THE PESO moved sideways yesterday against the dollar, as market players took profits.
The local currency closed at P51.205 against the greenback on Monday, gaining four centavos from Friday’s P51.245-to-dollar finish.
The peso opened weaker at P51.3 versus the dollar. Its best showing for the day was at P51.34, while it sunk to as low as P51.13 against the dollar.
Dollars traded yesterday reached $464.7 million, a drop from Thursday’s $732.9 million.
Traders attributed the sideways movement with an upward bias to the profit taking done by the investors due to untraded dollars over the weekend.
“Morning trade saw the dollar strengthen after [its strong closing on Friday.] From then on, we saw some profit taking on the back of bunched-up inflows over the weekend,” a trader said over the phone.
Another trader attributed the sideways movement to the lack of significant news released during the day.
“We haven’t seen a lot of movements, everywhere else is still quiet. There’s really not a lot to trade on,” another trader said.
In an e-mail, Guian Angelo S. Dumalagan, market economist at Land Bank of the Philippines, said the dollar might show a downward bias this week, “due to expectations of weaker US reports on retail sales, producer prices, and consumer prices.”
“News about a possible delay in the US tax cut may also reduce the greenback’s attractiveness,” he said.

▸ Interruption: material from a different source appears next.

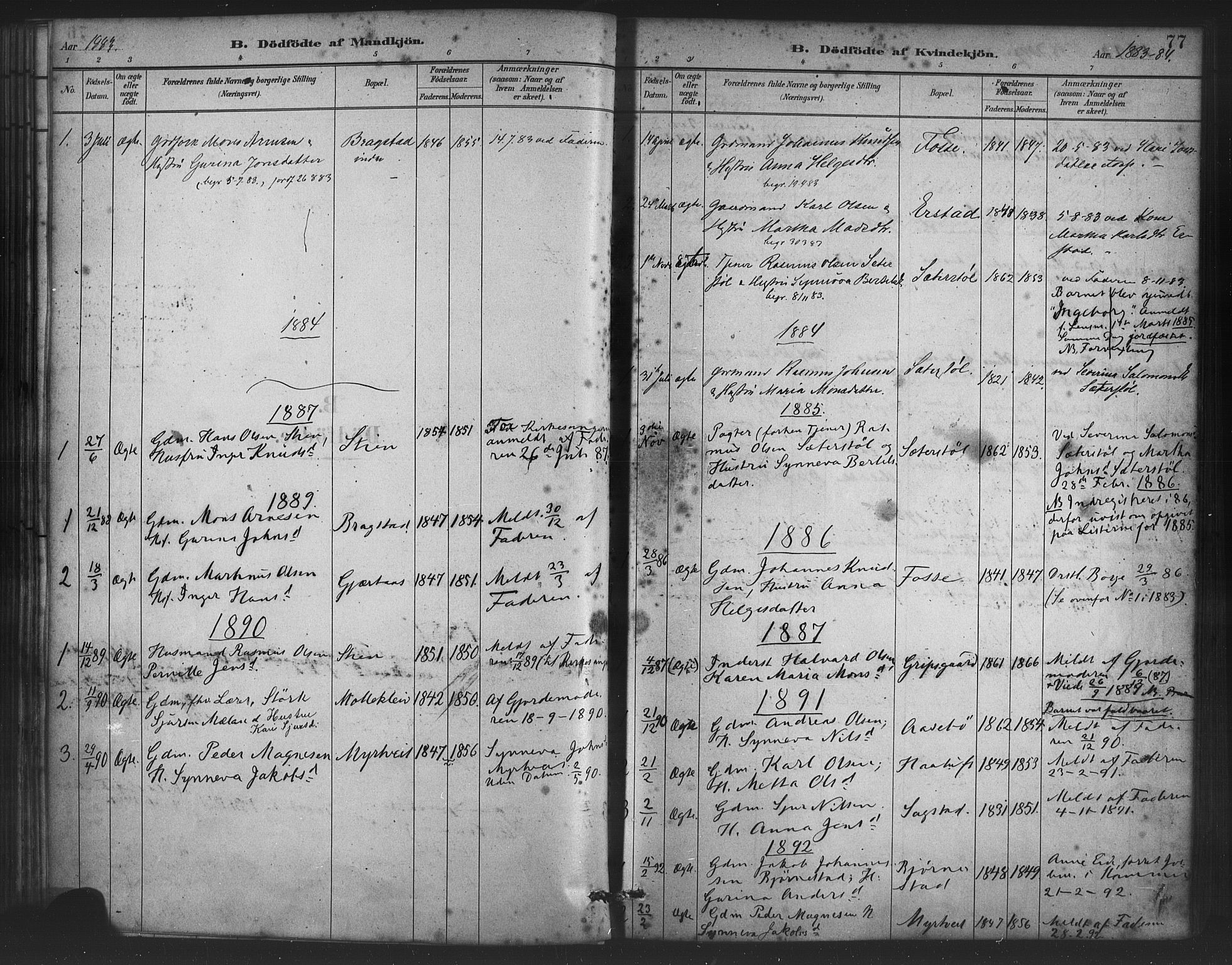 Alversund Sokneprestembete, SAB/A-73901/H/Ha/Haa/Haac/L0001: Parish register (official) no. C 1, 1882-1900, p. 77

Traders are expecting the peso to trade between P51.10 and P51.36 on Tuesday.
Most Asian currencies were subdued on Monday as uncertainty about US President Donald Trump’s tax reform plans checked investor enthusiasm.
The head of the House of Representatives’ tax-writing committee said on Sunday he would not accept elimination of a federal deduction for state and local taxes, opposing a proposal from Senate Republicans that would hike taxes for some middle class Americans.
“Digesting tax reform banter is an unsavoury business as even the ambient noise is triggering unusual moves across asset classes which has traders scurrying looking for answers,” Stephen Innes, head of trading in Asia-Pacific for Oanda in Singapore, wrote in a note.
“But when usual correlations break down, it creates conflicting messages producing a scrambled picture and price discovery becomes virtually impossible,” he said.
The dollar was also pressured by worries over possible delays to Trump’s tax plans, but it managed to move up slightly in Asia.
The dollar index was up versus a basket of currencies during the session, underpinned by a rise in long-term US Treasury yields on Friday.
The South Korean won led the losses among regional currencies, falling 0.3%, in tandem with the KOSPI stock index which eased 0.5% as investor appetite for riskier assets ebbed.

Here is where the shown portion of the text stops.